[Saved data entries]
= = =
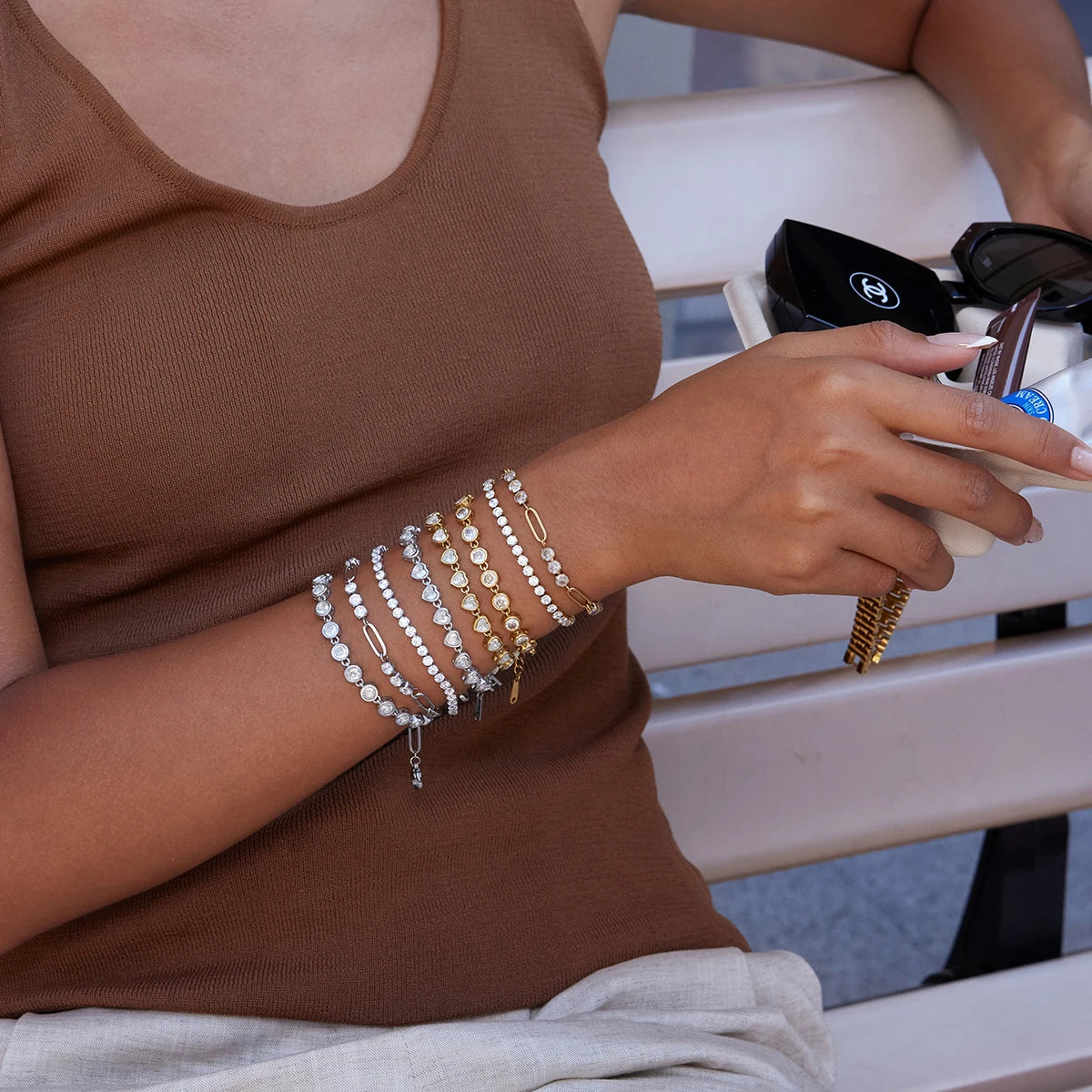 Stainless Steel Chain Bracelet with Heart-Shaped Zirconia and Gold Color Plating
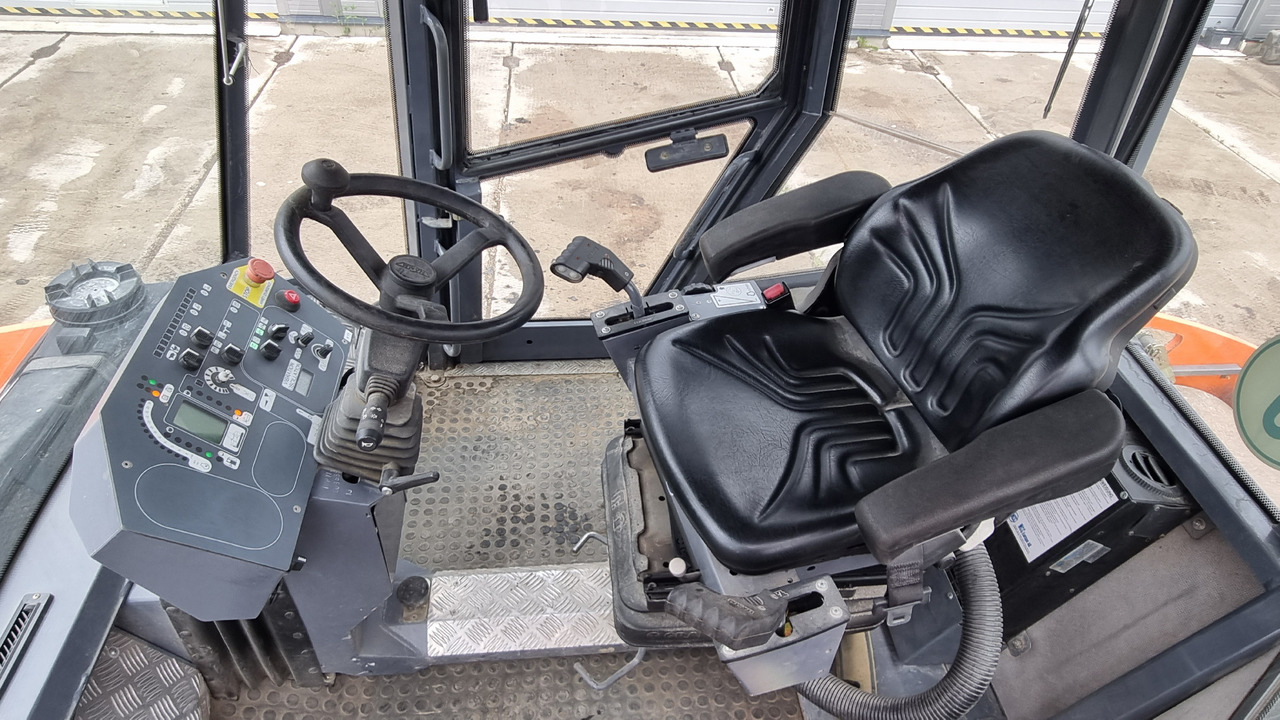 Cilindru compactor pentru asfalt HAMM HD110: Foto 9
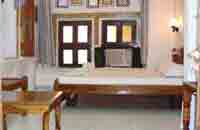 Hotel Haveli  Braj  Bhushanjee, BUNDI - Haveli Braj Bhushanjee Invites You To Visit And Explore The Great Heritage And Culture Of Bundi, Rajasthan, Hotel Haveli  Braj  Bhushanjee, discount tariff / honeymoon package.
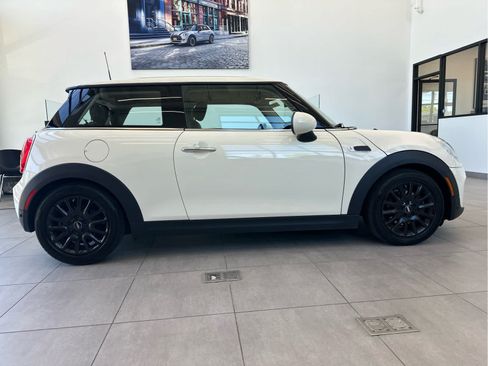 Used 2018 MINI Cooper 2-Door Hardtop FWD image 5
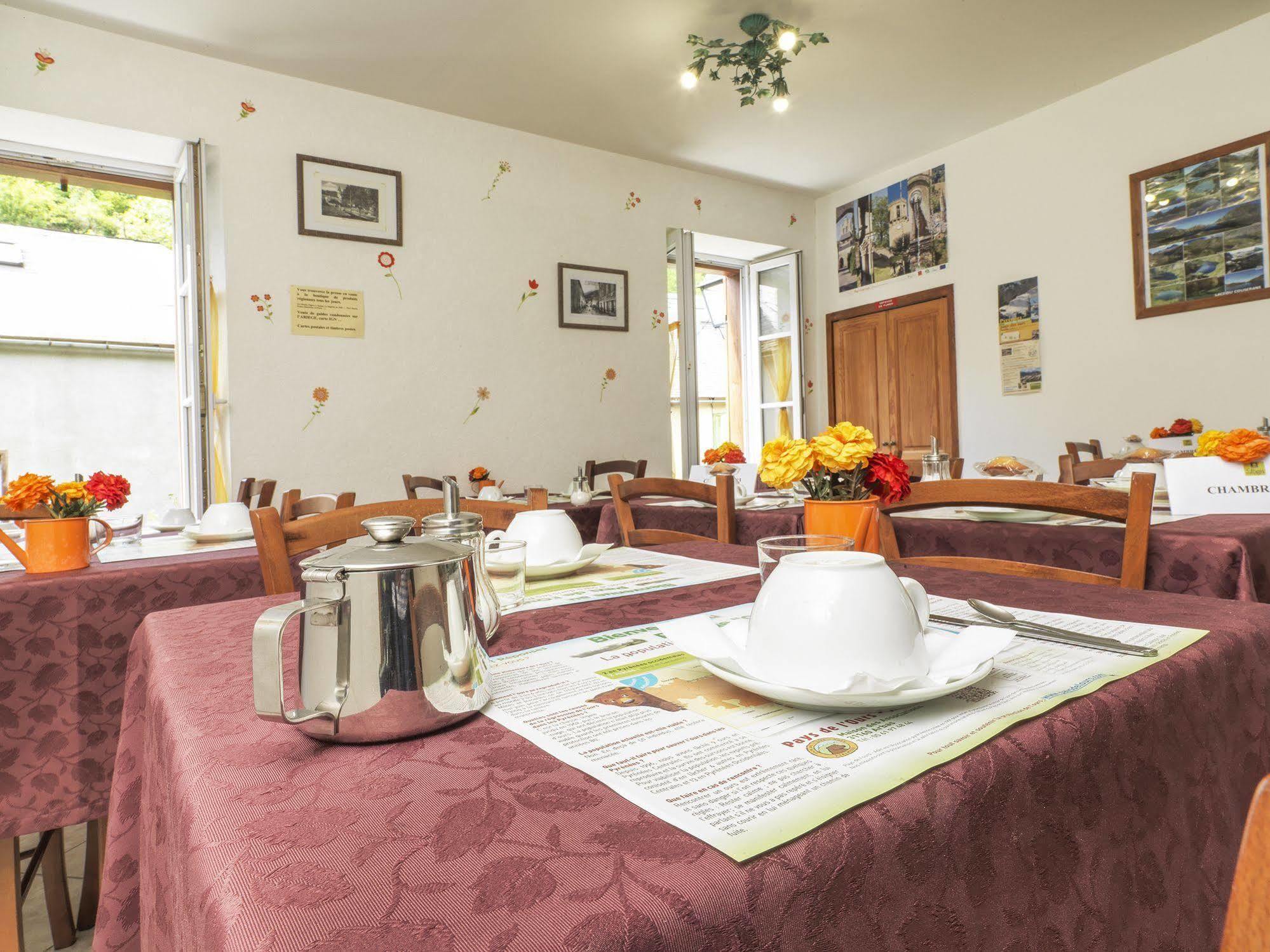 Auberge De L'Isard 圣但尼 外观 照片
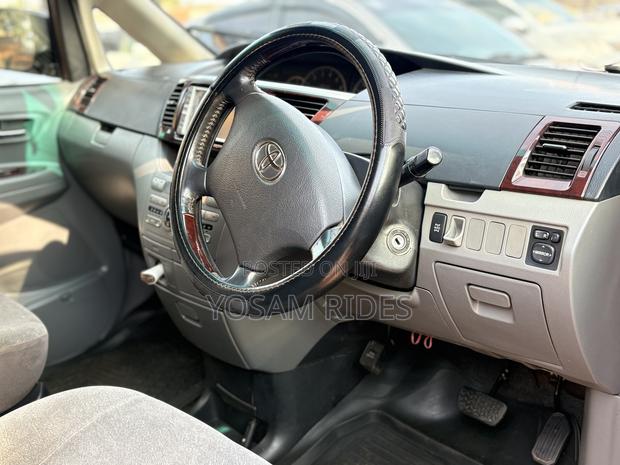 Toyota Noah 2.0 158hp AWD (7 Seater) 2007 Black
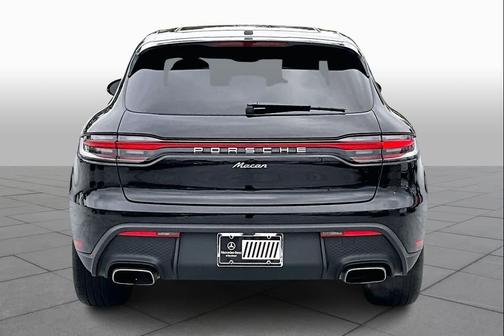 2022 Porsche Macan 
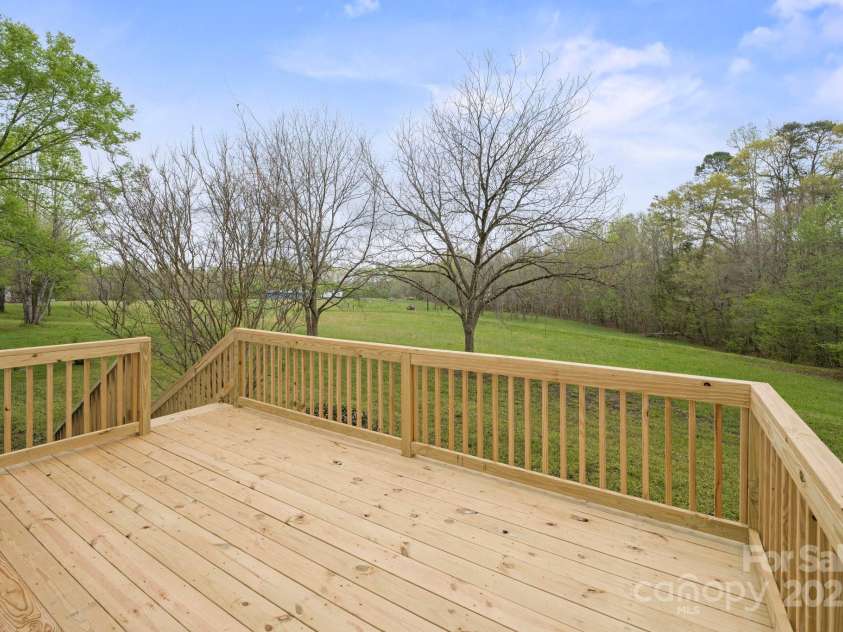 450 Tot Dellinger Road, Cherryville, NC 28021.  MLS# CAR4239994, YatesRealty ID 7695.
= = =
All lines from the one containing "Auberge De L'Isard 圣但尼 外观 照片" through the final line of the entries above must be restated word for word, pictures excluded.

 Auberge De L'Isard 圣但尼 外观 照片
 Toyota Noah 2.0 158hp AWD (7 Seater) 2007 Black
 2022 Porsche Macan 
 450 Tot Dellinger Road, Cherryville, NC 28021.  MLS# CAR4239994, YatesRealty ID 7695.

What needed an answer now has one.